What you will do — The pictures in the listing below are to be skipped, while the lines between the line holding "how to get rid of dark underarms" and the line holding "Pap Smear Results", inclusive, are to be output exactly.

Data supplied —
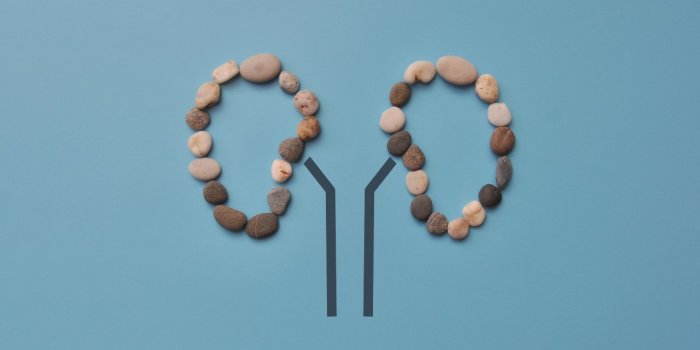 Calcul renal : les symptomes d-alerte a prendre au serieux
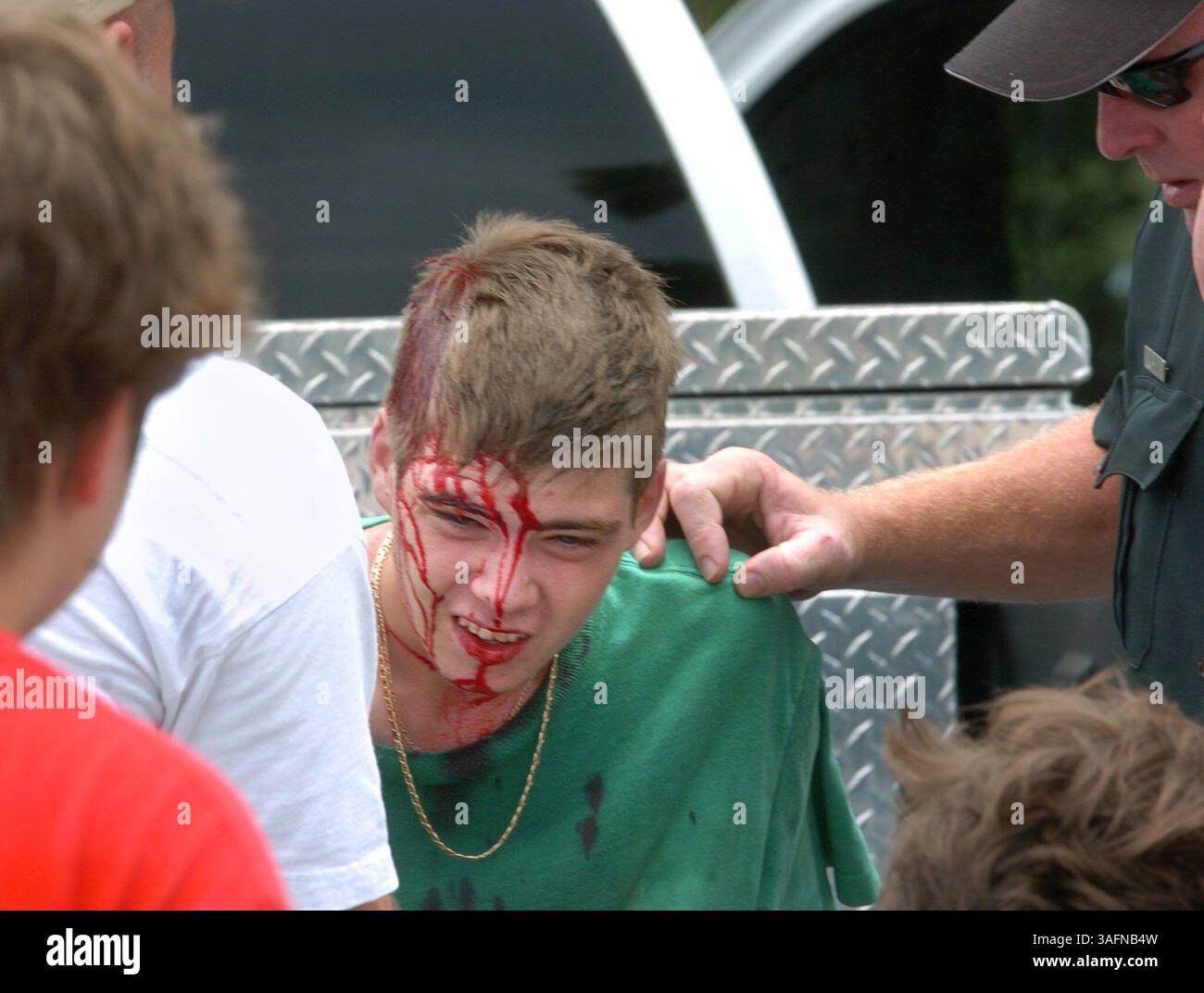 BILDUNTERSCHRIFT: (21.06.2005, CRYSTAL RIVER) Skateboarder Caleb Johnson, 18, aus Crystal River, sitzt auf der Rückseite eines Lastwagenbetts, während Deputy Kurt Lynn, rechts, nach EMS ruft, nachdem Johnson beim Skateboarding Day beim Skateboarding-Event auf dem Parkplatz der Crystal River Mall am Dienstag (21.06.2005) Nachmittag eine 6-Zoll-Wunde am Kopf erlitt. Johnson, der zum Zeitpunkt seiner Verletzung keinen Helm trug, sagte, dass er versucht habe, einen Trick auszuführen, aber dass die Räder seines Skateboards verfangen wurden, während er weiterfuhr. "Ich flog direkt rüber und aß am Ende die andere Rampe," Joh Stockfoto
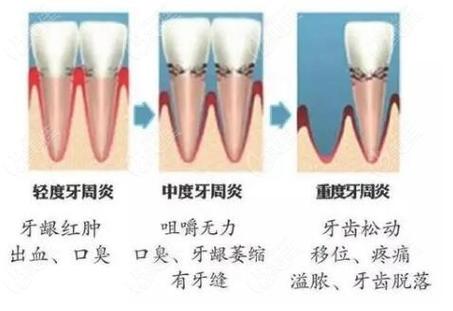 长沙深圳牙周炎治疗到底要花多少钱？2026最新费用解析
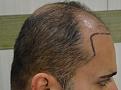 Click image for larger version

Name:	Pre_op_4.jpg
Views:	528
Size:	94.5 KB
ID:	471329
--
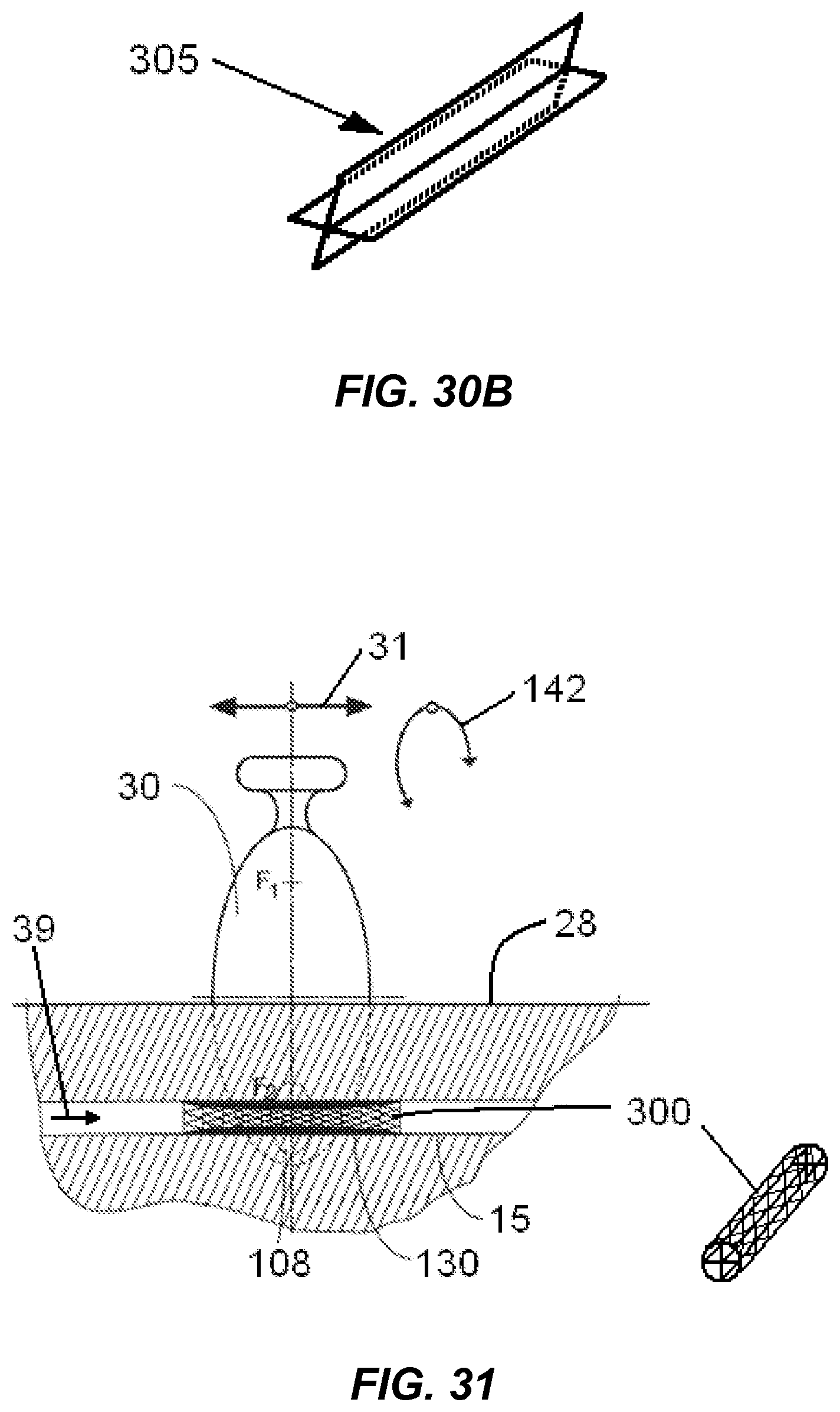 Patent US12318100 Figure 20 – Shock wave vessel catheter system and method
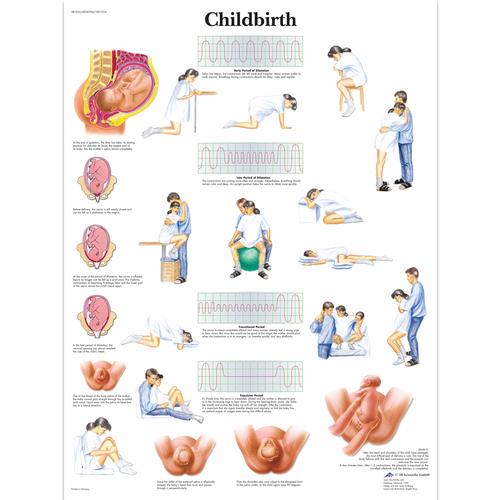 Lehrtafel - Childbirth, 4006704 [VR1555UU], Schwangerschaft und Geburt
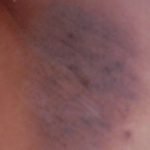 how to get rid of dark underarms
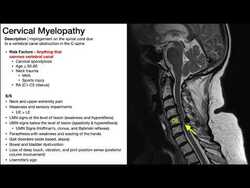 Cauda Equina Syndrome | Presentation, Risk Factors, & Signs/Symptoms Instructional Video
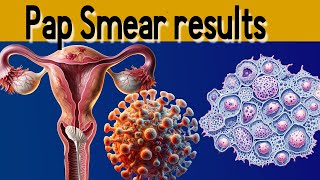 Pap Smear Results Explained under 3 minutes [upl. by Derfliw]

Exercise response —
 how to get rid of dark underarms
 Cauda Equina Syndrome | Presentation, Risk Factors, & Signs/Symptoms Instructional Video
 Pap Smear Results Explained under 3 minutes [upl. by Derfliw]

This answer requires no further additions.